I had to enact my plan soon—I asked you, a few days later after the party, if you kept in touch with anyone from our old coterie. You did not. I already knew that. Yet that gave me the opportunity to begin speaking with you. I asked you out for coffee—you acquiesced.

We started talking and soon we began dating and it was like someone had brought color to my dismal life. It felt as though I had been, for the longest period of time, holding my breath and it was only in your presence was I finally, finally able to exhale. We talked for hours—you and I and I could feel the spark light up between us, the spark that I knew was always, always there. You introduced me to food from all over the world and many a night, you and I, we would lie in bed, separated by geography yet connected through the magic of technology. Our voices ropes that tethered us over the ephemeral void.

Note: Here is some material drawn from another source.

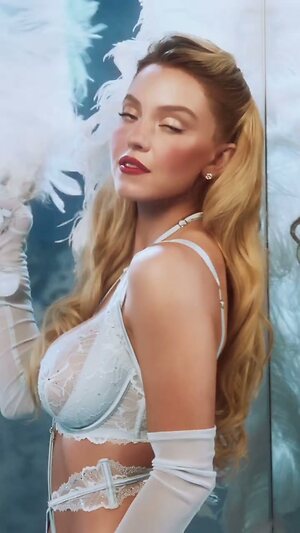 Sydney Sweeney leaked photo #976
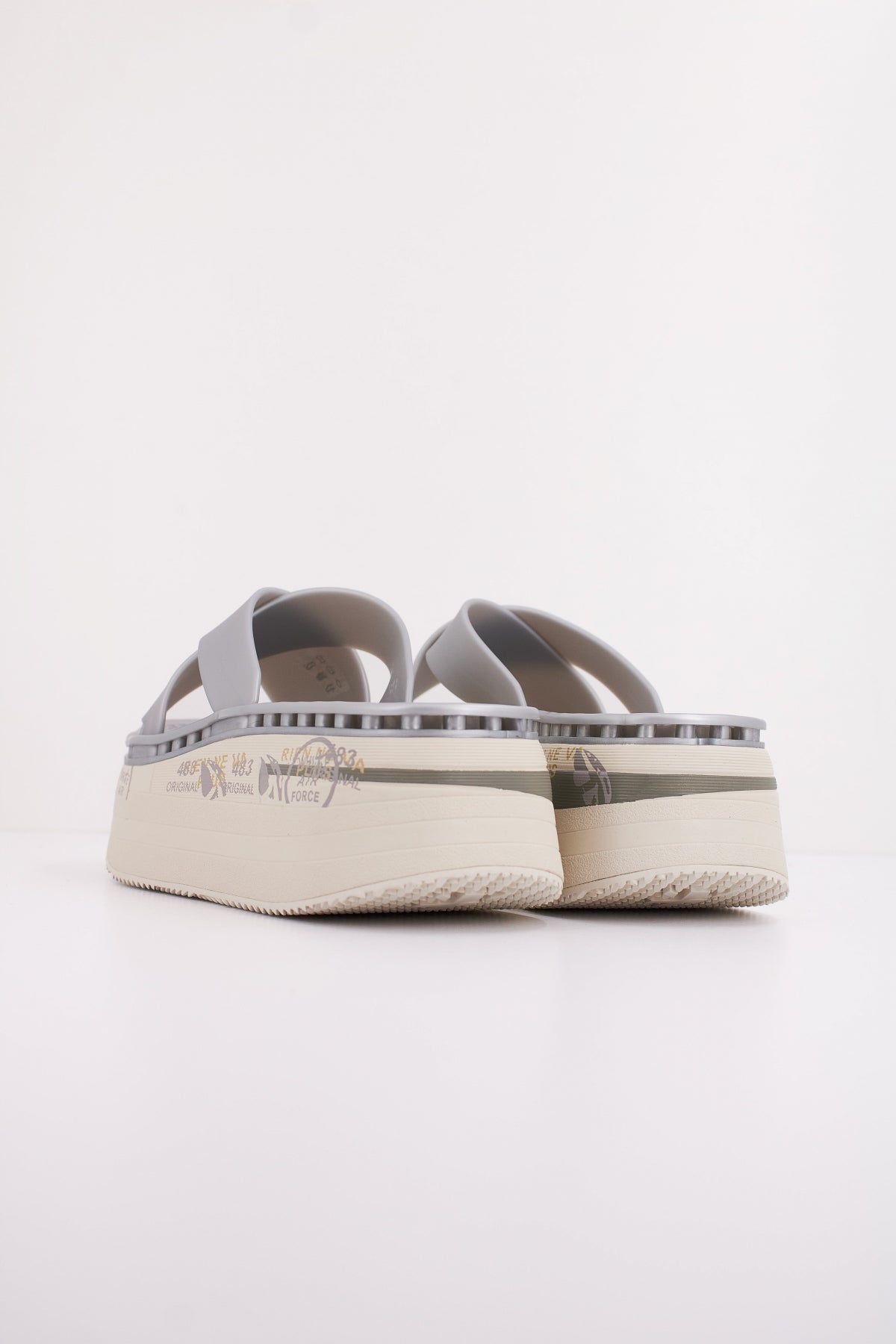 PREMIATA MOURA  en color PLATA  (4)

Here have some water. I’ll have some as well. Talking is thirsty work, yet those first nights, we stayed up to watch the sunrise. I remember you telling me about how, when you were living in the West, how the rain didn’t feel right—how whenever it rained you expected the kind of thunderstorm that you grew up with; electricity in the air, the sky turning an eldritch purple, the entire city feeling as though everyone was waiting, staring up at the sky, waiting for the world to end.

It has been so long my love, so long that we have been together. We’ve had so many firsts together—you were all of my firsts. All right, perhaps not all of my firsts—there was this one girl I had dated while I was in university. Are those tears I see in your eyes? Please do not cry my love. She didn’t matter—she only served to be a tool which I would use to eventually win your heart. See the fact of the matter is, I knew that you wouldn’t like me at all if I was completely fresh and new to dating; I had kept tabs and browsed through your social media. Seen the kind of parties that you went to and the vacations that you had. Was it wrong of me to assume, even though it pained me so much, that you would find someone who would want to wrap their arms around you, to circle your waist and pull you closer, to smell the ocean in your hair? For a girl like you, at the time, who had been with others, and I am not just speaking in the biblical sense; for a girl like you, if I had said that I was no more experienced than a teenager experiencing his first erection, than you would not have found that desirable. You would have found me wanting and I couldn’t have that.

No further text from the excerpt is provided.